# taz.de -- Die Wahrheit: Ruhm und Preis dem Rais!
       
       > Lobet alle laut und lang den Herrn der Türken, den großen Staatenlenker,
       > den unfehlbaren Weisen und Weltführer Recep Tayyip Erdoğan.
       
       Ja, er ist der Größte, Beste und Schönste! Recep Tayyip Erdoğan, der Führer
       der Türkei seit bald siebzehn Jahren, der Herr Kleinasiens und Schutzpatron
       aller Turkvölker des Universums!
       
       Erdoğan der Prächtige, Erdoğan der Mächtige: Sein Lob ertönt auf allen
       Kanälen seines Riesenlandes, ihm zu Füßen liegen die Menschen, soweit sie
       Türken sind. Ihn und nur ihn und ihn allein loben sie, wenn sie das
       Recep-Tayyip-Erdoğan-Stadion in Istanbul betreten.

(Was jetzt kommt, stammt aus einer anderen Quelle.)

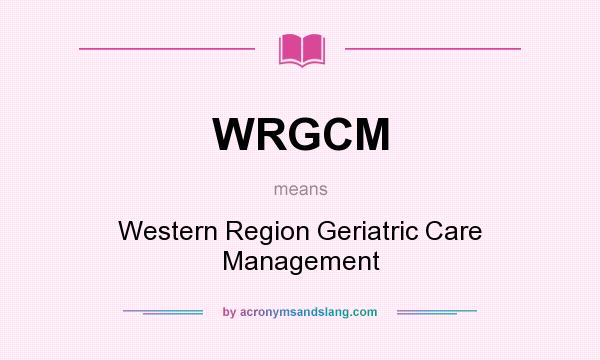 What does WRGCM mean? It stands for Western Region Geriatric Care Management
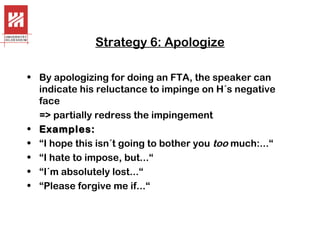 Strategy 6: Apologize
• By apologizing for doing an FTA, the speaker can
indicate his reluctance to impinge on H´s negative
face
=> partially redress the impingement
• Examples:
• “I hope this isn´t going to bother you too much:...“
• “I hate to impose, but...“
• “I´m absolutely lost...“
• “Please forgive me if...“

Ihn preisen sie, wenn
       sie in derselben Stadt durch die Recep-Tayyip-Erdoğan-Gärten flanieren. Ihn
       rühmen sie, wenn sie durch den Recep-Tayyip-Erdoğan-Park in Ankara
       lustwandeln. Und verzückt rufen sie seinen Namen, wenn sie an der
       Recep-Tayyip-Erdoğan-Universität in Rize studieren dürfen: in Rize, das
       sich schmeicheln darf, die Heimatstadt von Erdoğans Vater Ahmed zu sein,
       der wie Er den Namen Erdoğan tragen darf. Und Rize ebenbürtig sind Teheran
       und Seoul, denen Recep Tayyip „Ehrenbürger“ Erdoğan mit ihm sich zu
       schmücken die Gunst gewährt hat.
       
       Und doch ist Recep Tayyip Erdoğan bescheiden, bescheiden wie kein anderer.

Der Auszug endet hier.